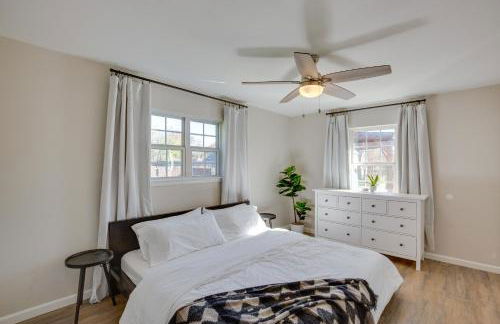 Game Room and Fire Pit Family-Friendly Aubrey Home - Foto 15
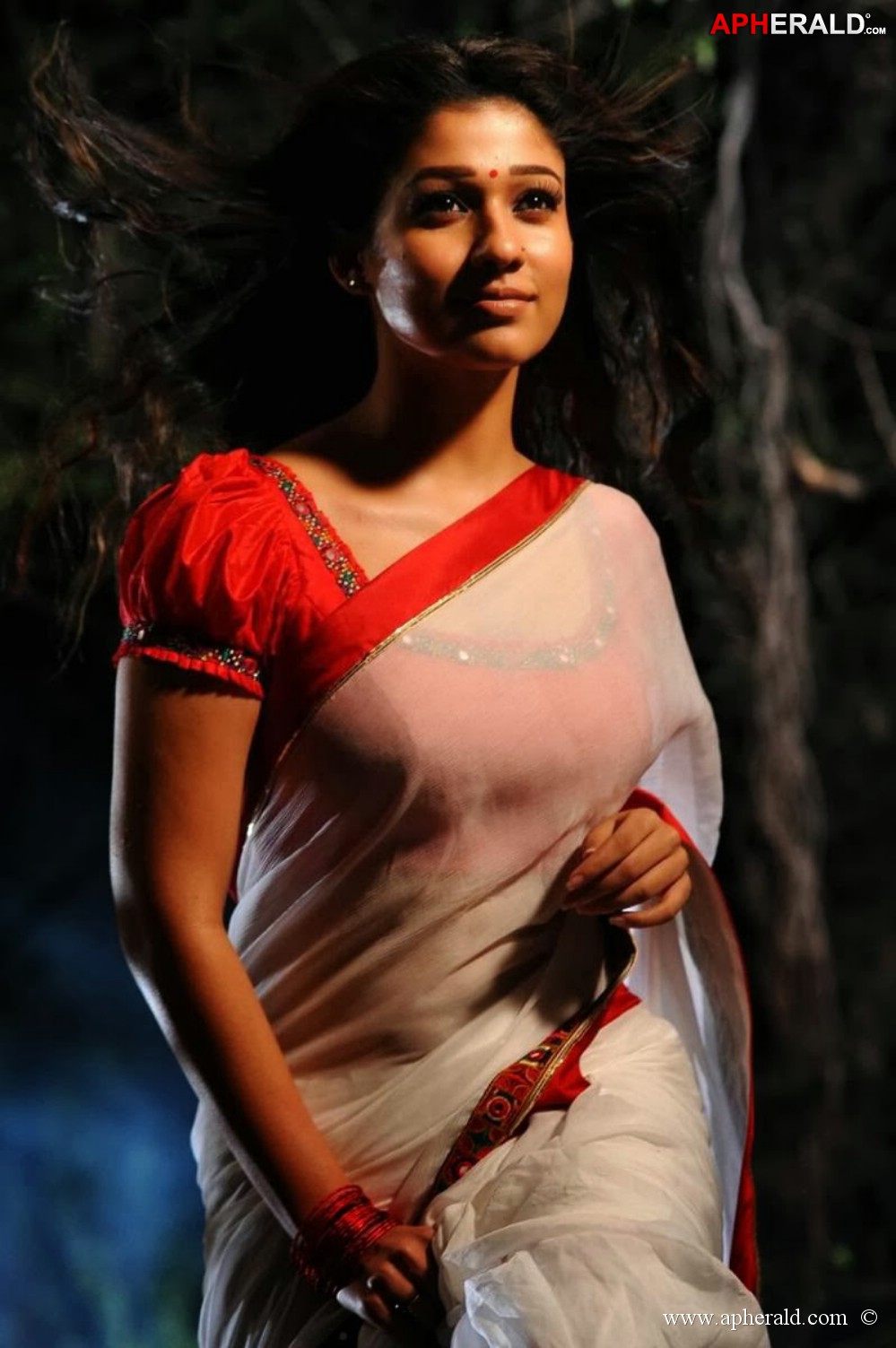 Nayanthara white saree Still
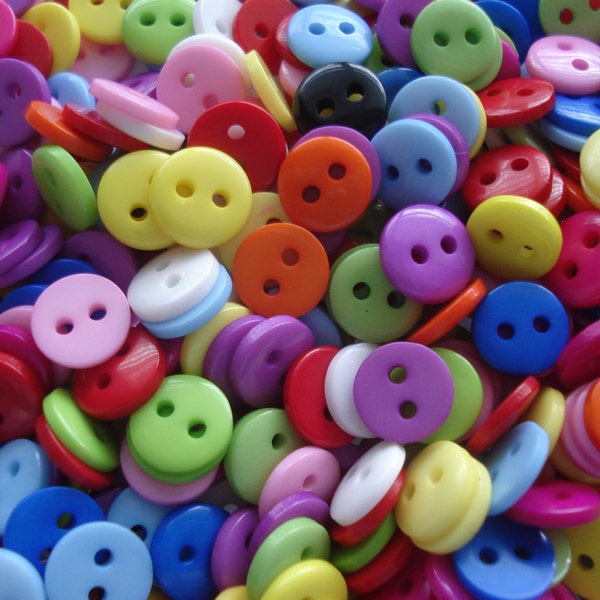100 Great Value Acrylic Buttons, 9mm Buttons, Pack of 100 Mixed Colour Buttons, 2p Buttons!! A09001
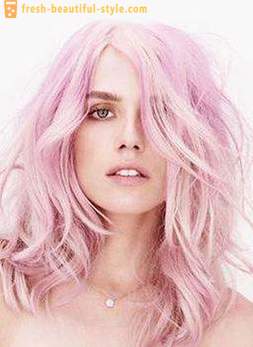 Cheveux roses: comment obtenir une couleur désirée?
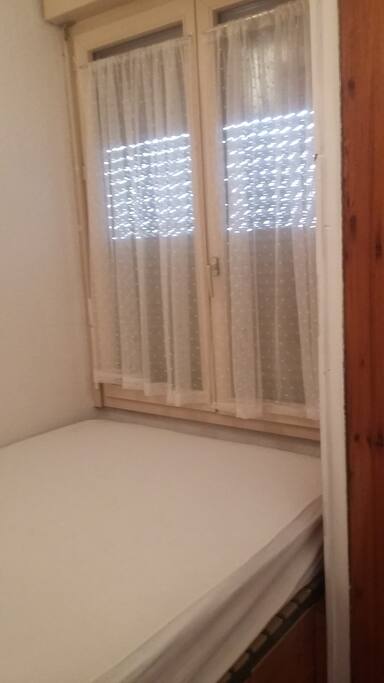 Chambre 1 lit 2places 1 placard de rangement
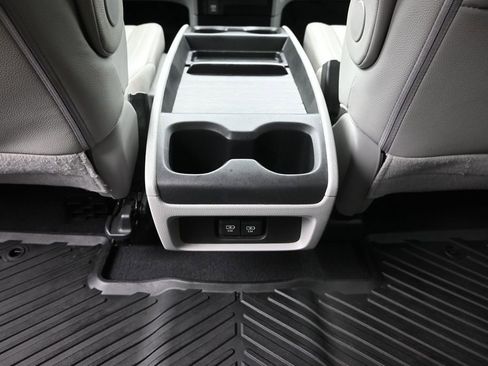 Used 2018 Honda Odyssey EX-L image 23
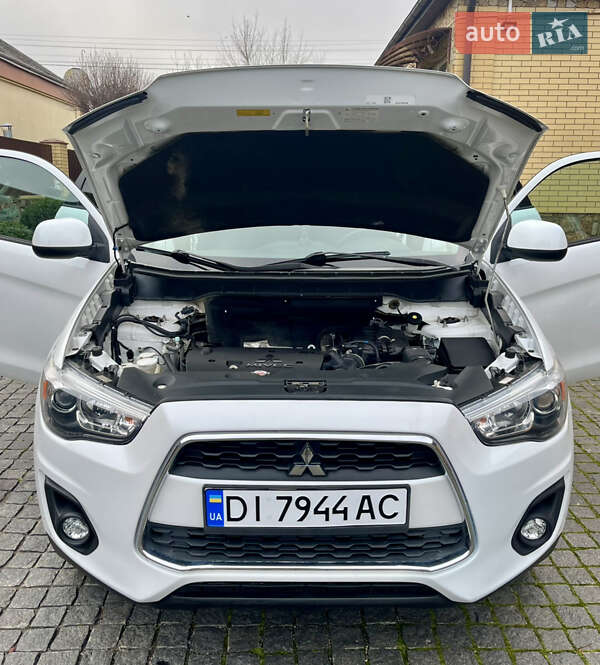 Внедорожник / Кроссовер Mitsubishi Outlander Sport 2015 в Умани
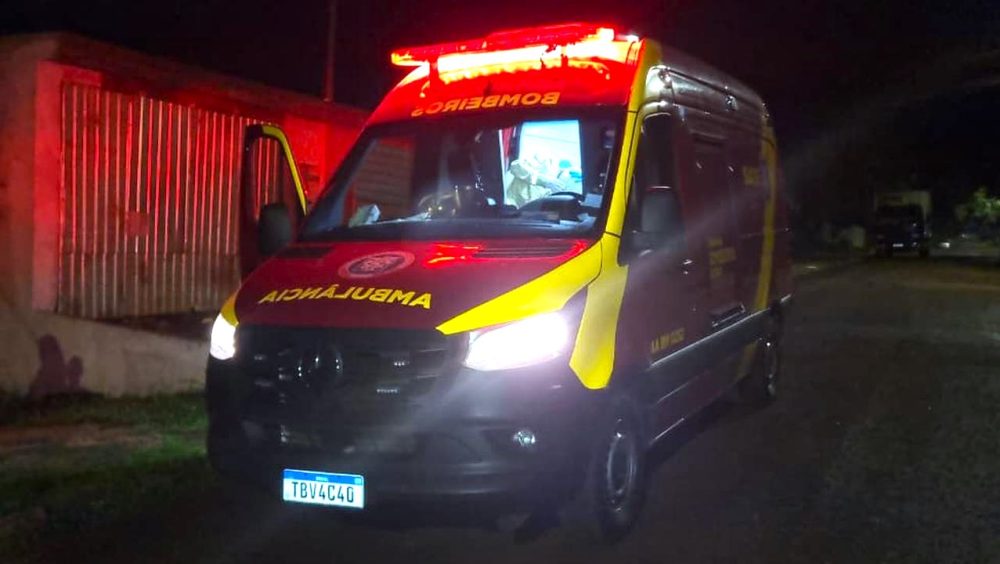Homem de 56 anos é atacado com golpes de faca na frente de casa no bairro Neva, em Cascavel Imagem referente a Homem de 56 anos é atacado com golpes de faca na frente de casa no bairro Neva, em Cascavel
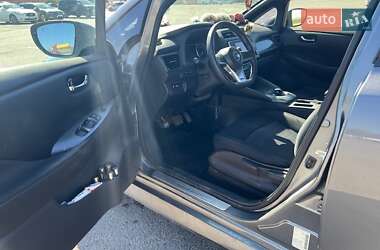 Хэтчбек Nissan Leaf 2019 в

What is required -> The output should hold only the lines from the one containing "Cheveux roses: comment" through the last line of the listing, reproduced exactly, pictures omitted.

Answer to this problem ->
 Cheveux roses: comment obtenir une couleur désirée?
 Chambre 1 lit 2places 1 placard de rangement
 Used 2018 Honda Odyssey EX-L image 23
 Внедорожник / Кроссовер Mitsubishi Outlander Sport 2015 в Умани
Homem de 56 anos é atacado com golpes de faca na frente de casa no bairro Neva, em Cascavel Imagem referente a Homem de 56 anos é atacado com golpes de faca na frente de casa no bairro Neva, em Cascavel
 Хэтчбек Nissan Leaf 2019 в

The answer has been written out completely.